**Work item:** Below are records with pictures in them. Transcribe everything from the line containing "If you need" down to the line containing "So as you can", exactly, and leave the pictures behind.

**Data section:**
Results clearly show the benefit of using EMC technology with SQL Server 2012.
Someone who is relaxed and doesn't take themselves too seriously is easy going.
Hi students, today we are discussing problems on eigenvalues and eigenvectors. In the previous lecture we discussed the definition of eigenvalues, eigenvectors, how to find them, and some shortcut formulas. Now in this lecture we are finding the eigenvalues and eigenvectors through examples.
==
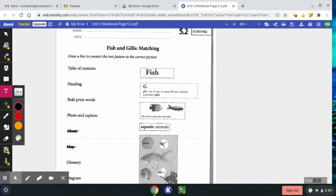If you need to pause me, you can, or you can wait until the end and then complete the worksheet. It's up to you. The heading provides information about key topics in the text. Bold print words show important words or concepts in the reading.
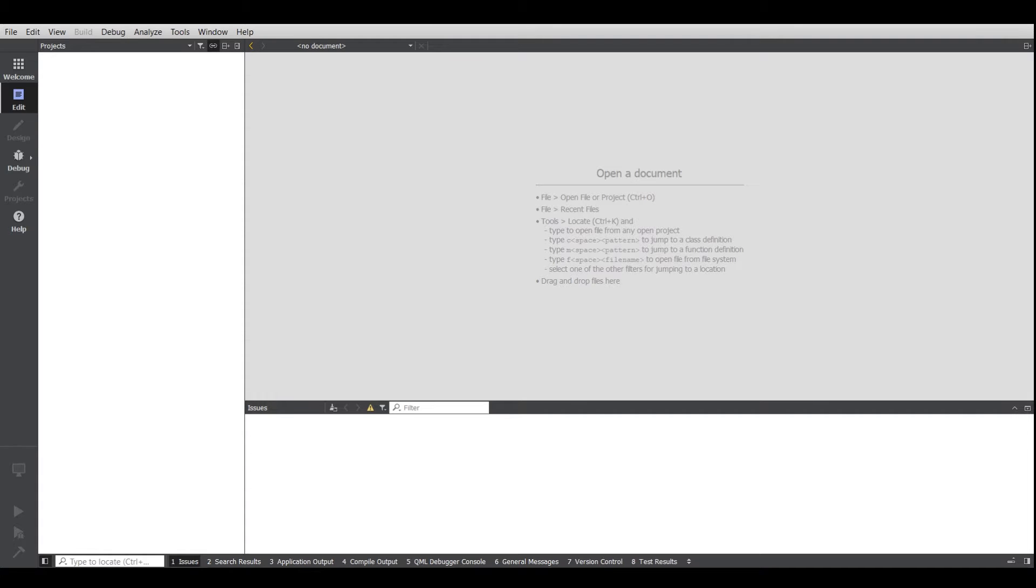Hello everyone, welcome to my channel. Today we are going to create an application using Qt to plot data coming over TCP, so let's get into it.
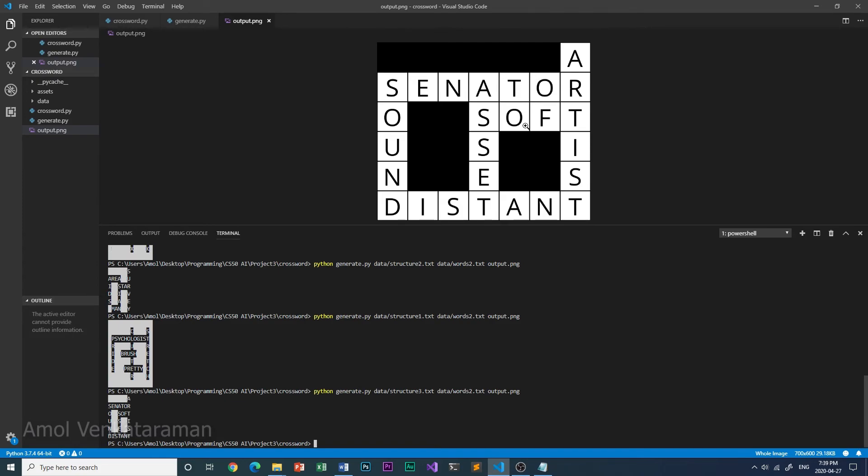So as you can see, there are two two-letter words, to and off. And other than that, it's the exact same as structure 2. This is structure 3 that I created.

**Expected output:**
If you need to pause me, you can, or you can wait until the end and then complete the worksheet. It's up to you. The heading provides information about key topics in the text. Bold print words show important words or concepts in the reading.
Hello everyone, welcome to my channel. Today we are going to create an application using Qt to plot data coming over TCP, so let's get into it.
So as you can see, there are two two-letter words, to and off. And other than that, it's the exact same as structure 2. This is structure 3 that I created.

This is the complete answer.